The show took a turn for the better when it began incorporating New Age “hippies” as a threat to the reservation. For a story that takes place in the 1970s, it only makes sense — by that point, the promises of the Summer of Love were starting to wear thin, and people with nefarious intentions, such as B.J. Vines, could exploit hippie ideals to accrue power and influence; and worse, to encroach on Navajo territory by pretending to be curious about or aligned with Indigenous beliefs. The exploration of this kind of white violence has the double effect of anchoring the show in a place and time — the United States in the 1970s — and complicating the narrative by writing into the tension between Indigenous sovereignty and federal jurisdiction, which is devoted to protecting white people. The chili farm, which seems more like a cult, gives continuity to this theme — it’s another side of the Vines coin.

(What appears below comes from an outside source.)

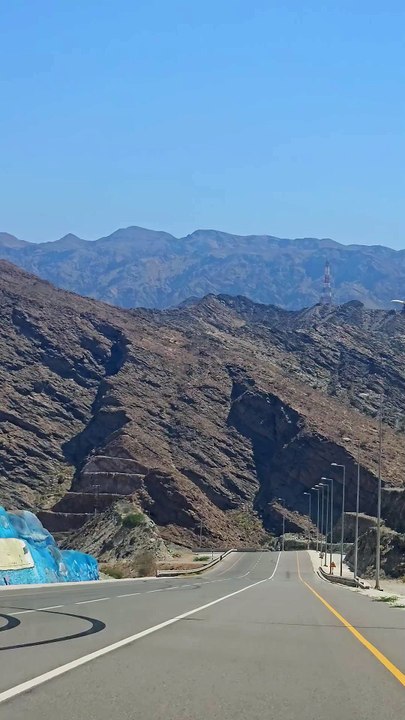 Jabal Sifah road trip: breathtaking mountainside views and culturally rich villages! ⛰️🚗  #Oman #Travel #Adventure #Mountains #Culture #RoadTrip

As these themes are introduced, Joe changes with them. Oftentimes in crime fiction, the personality of a detective or P.I. is one of the few fixed truths of the conjured world: Phillip Marlowe, for example, won’t hesitate to break a few laws to nail a lead, and he’ll always order a gin gimlet. But as new faces begin to infiltrate the Navajo Nation, Joe changes with the tides. Throughout season one and most of season two, he was unable to pull the trigger. When he left Vines to his death, something fundamental in his character shifted — and in season three, the ripples of that shift are beginning to be felt. This development makes Joe come alive.
Case Notes
• While Joe’s character is sharply written, some of the other characters feel less developed. Consider the inclusion of Chee’s history with Shorty: In this week’s episode, Chee reassures Shorty that he isn’t his father. But these explicit moments fail to have the same resonance as when, last season, Chee waited with Tomas Charley’s son for his mother to pick him up. It felt like we learned something about the precariousness of Chee’s childhood then in a way that was organic to the story. I’m still missing some of that this season, even as Chee’s interiority is more explicitly foregrounded.
• I love the dynamic between Joe and Sheriff Gordo Sena — especially because we saw it develop from hostility to affection — but it often seems to me that Gordo is parachuted randomly into episodes. Doesn’t it seem weird that Gordo wouldn’t have been called to raid the farm, especially when it’s located outside reservation borders?